**WHAT YOU SHOULD DO**. Once you find the line with "Der Flughafen Salzburg", transcribe it and all the lines that follow to the end of the data, exactly as written; skip any pictures.

**EXERCISE DATA**.
* * * * * * * * *

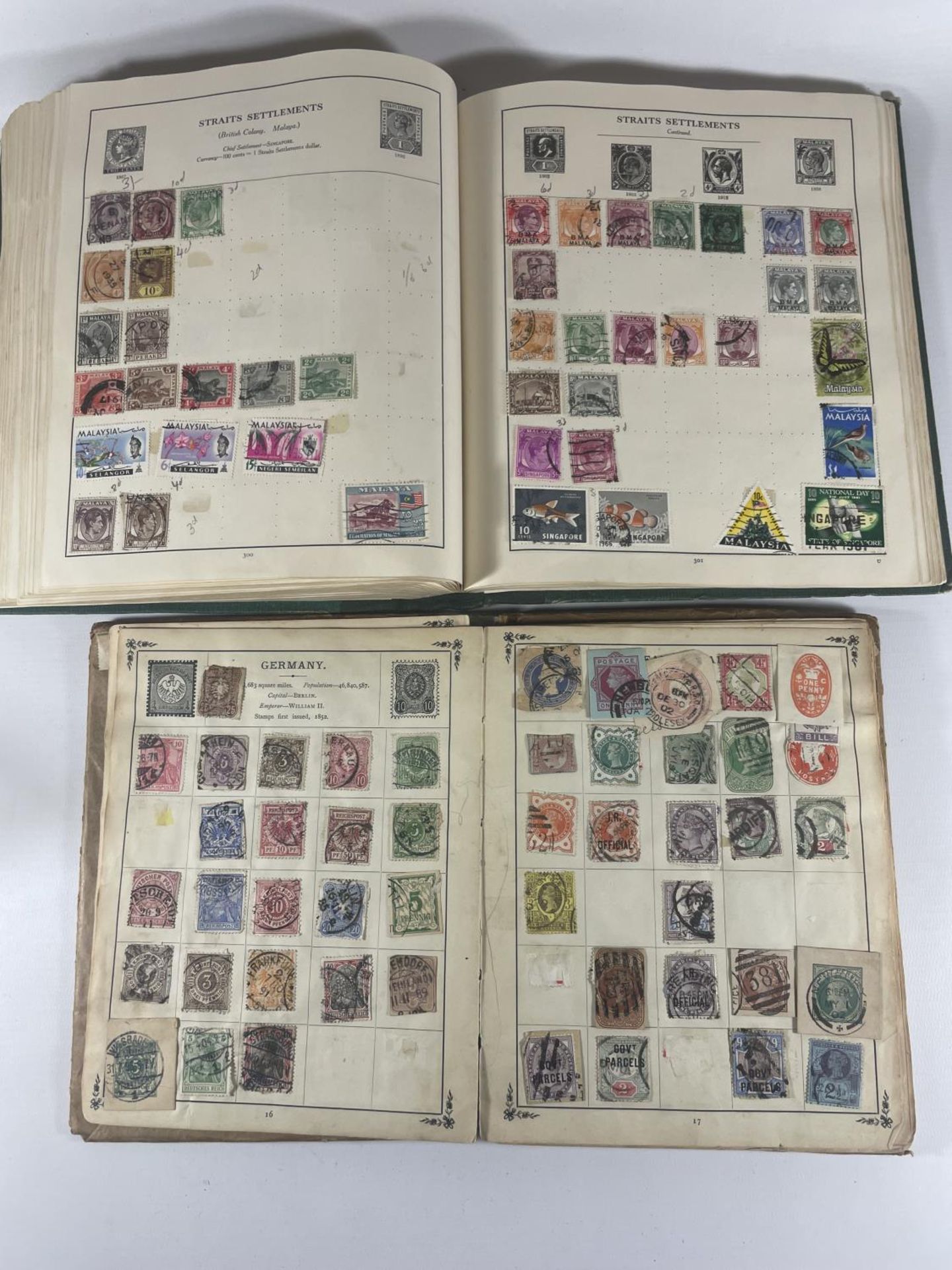 TWO VINTAGE STAMP ALBUMS INCLUDING THE WELL FILLED VICEROY AND THE ROYAL . MANY USEFUL ITEMS NOTED - Image 3 of 4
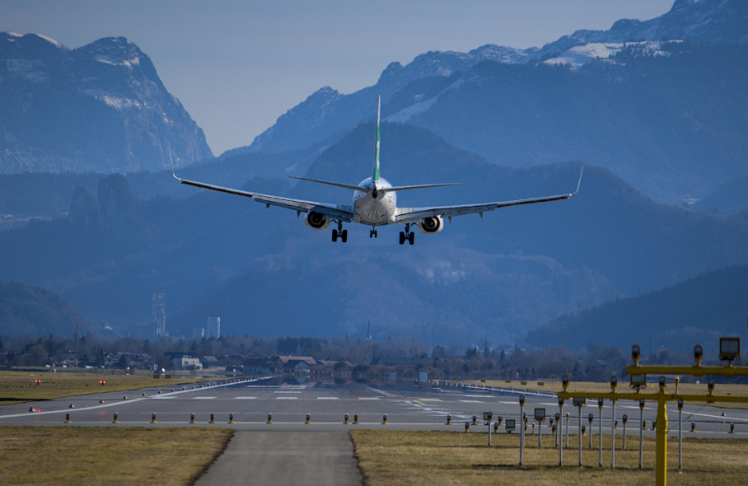 Der Flughafen Salzburg W. A. Mozart erreichte einen "Ski Travel Reliability Score" von 9,25. (Symbolbild)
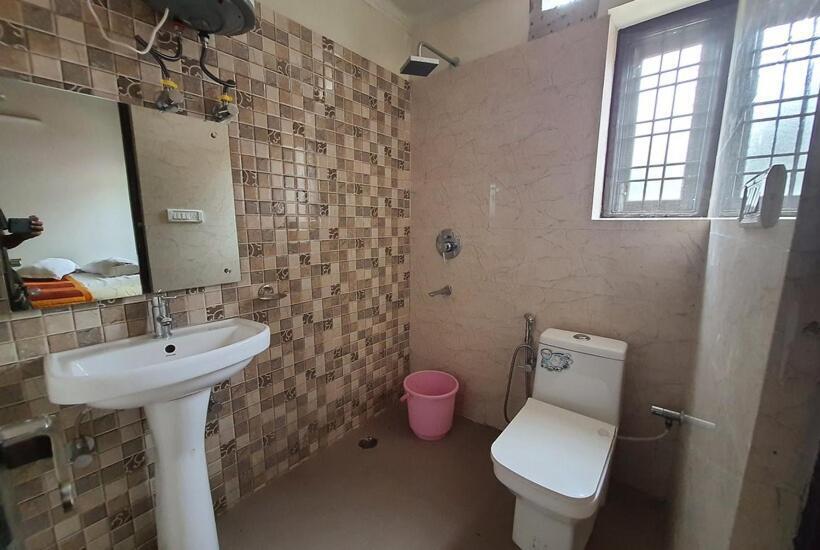Номер Стандарт, Upvan Inn Bhimtal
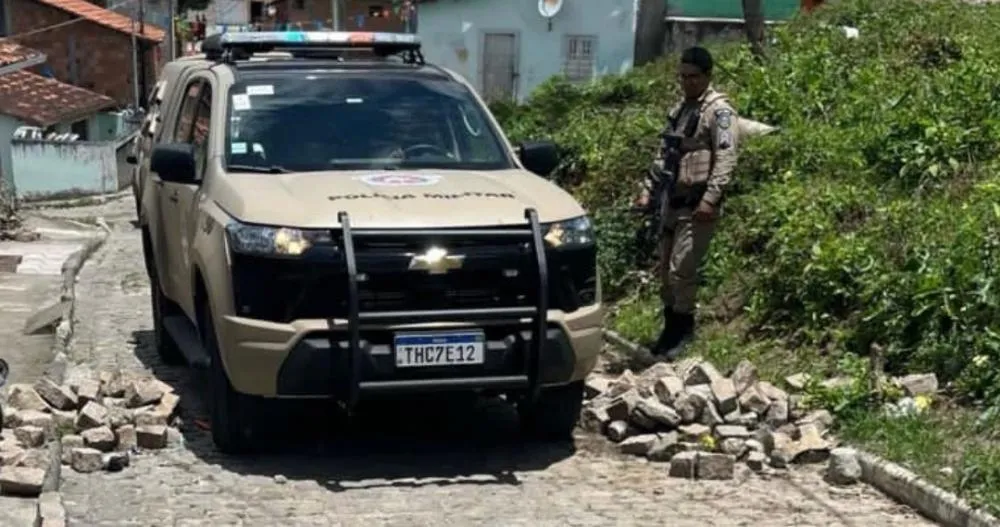 Ação da 27ª CIPM desarticula bloqueios de facção e restabelece circulação em área crítica de Cruz das Almas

* * * * * * * * *

**EXERCISE SOLUTION**.
 Der Flughafen Salzburg W. A. Mozart erreichte einen "Ski Travel Reliability Score" von 9,25. (Symbolbild)
Номер Стандарт, Upvan Inn Bhimtal
 Ação da 27ª CIPM desarticula bloqueios de facção e restabelece circulação em área crítica de Cruz das Almas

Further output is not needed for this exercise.